Однажды вечером, выходя из-за стола, пока остальные угощались айвовым и малиновым вином, Анжелика вытащила из своего кармана листок бумаги.
Она с недоумением посмотрела на него и с трудом вспомнила, что купила его за десять су у бедняка на Новом мосту, как раз тем самым утром, когда она решилась на тот ужасный поход в Тюильри. Кажется, это было так давно! Она машинально прочла вполголоса:
Давайте-ка заглянем во дворец:
Вот перед вами лжец искусный, вот — подлец;
Сарказма самого Рабле, боюсь, не хватит,
Чтоб посмеяться всласть над этой братией.
Глядите же: вот гении обмана,
Мятежников известных здесь немало.
Давайте поглядим на суматоху…
Ее прервали возмущенные вопли. Старый дядя мэтра Фалло, поперхнувшись, отставил в сторону стакан. Сам мэтр Фалло с неожиданной для него живостью, противоречащей его обычно высокомерному виду, вырвал у Анжелики из рук злополучный листок, скомкал его и вышвырнул за окно.
— Какой позор, сестра! — вскричал он. — Как вы могли принести в наш дом эту дрянь! Держу пари, вы купили его у одного из этих писак с Нового моста?

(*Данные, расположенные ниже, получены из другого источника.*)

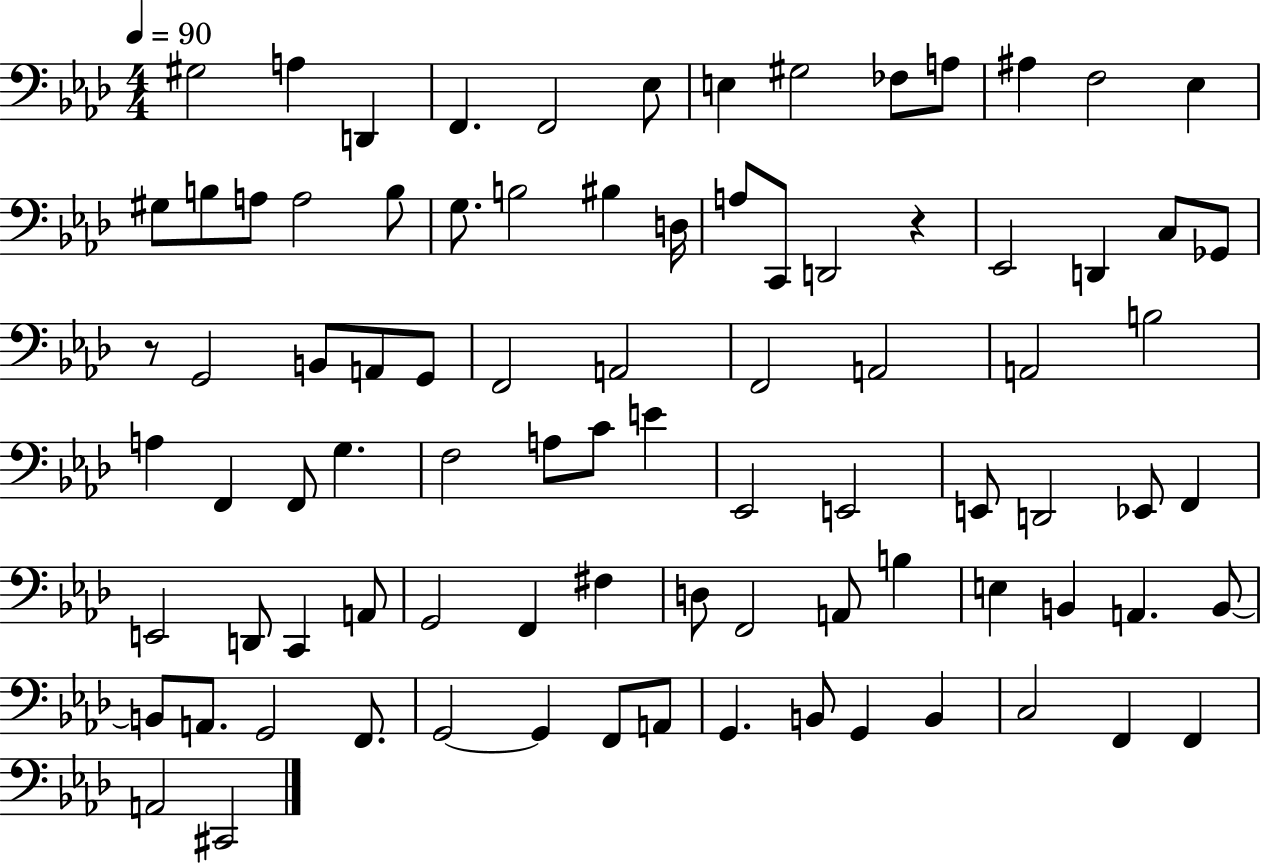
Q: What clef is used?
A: bass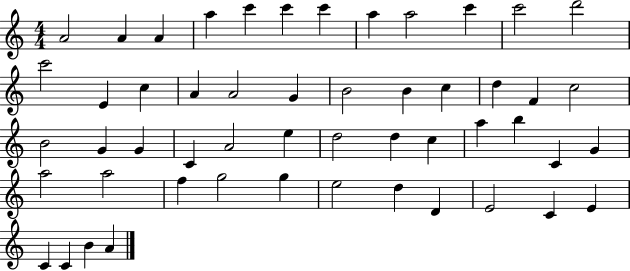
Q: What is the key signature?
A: C major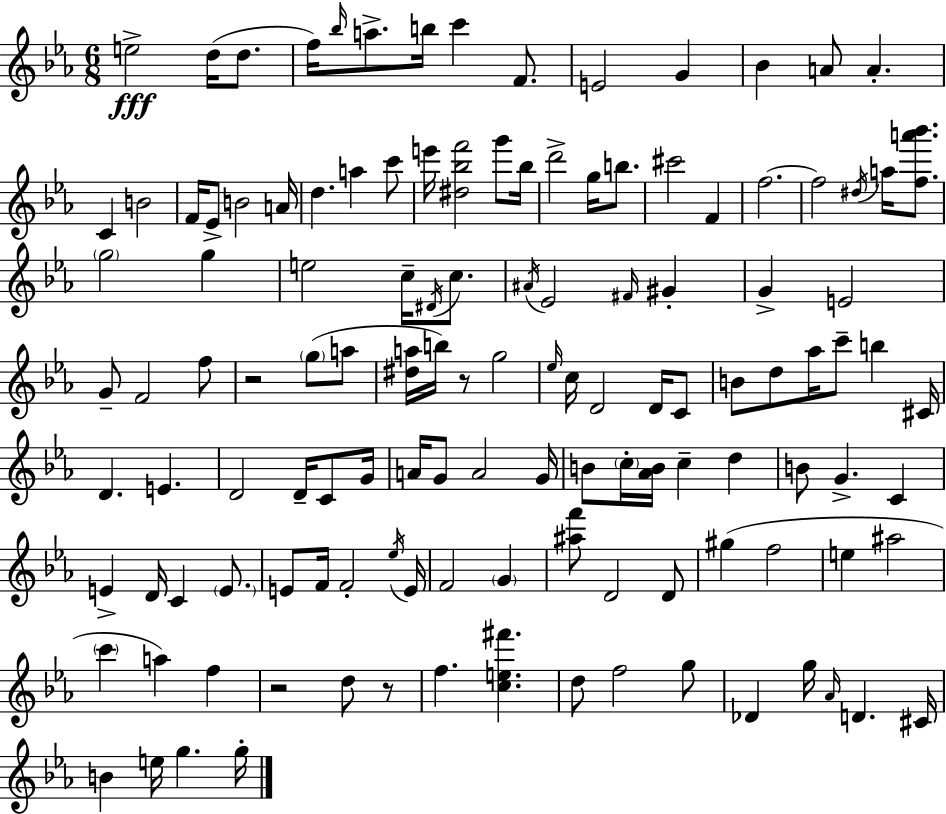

— Ну да. Мне сунули его в руку и потребовали десять су. Я не смогла отказать.
— Бесстыдство этих людей не имеет границ. Их перо не щадит даже судейских. И вот результат: грязных писак бросают в Бастилию, словно они — порядочные люди, а ведь даже черная тюрьма Шатле для них слишком хороша.
Муж Ортанс сопел, как разъяренный бык. Анжелика никогда бы не подумала, что он способен так разволноваться.
— Памфлеты, пасквили, песни — они завалили нас ими. Они не щадят никого — ни короля, ни двор, их не смущает даже богохульство.
— В мое время, — вмешался старый дядюшка Фалло, — эта порода писак только-только начинала распространяться. А сейчас они стали настоящими паразитами, позором нашей столицы.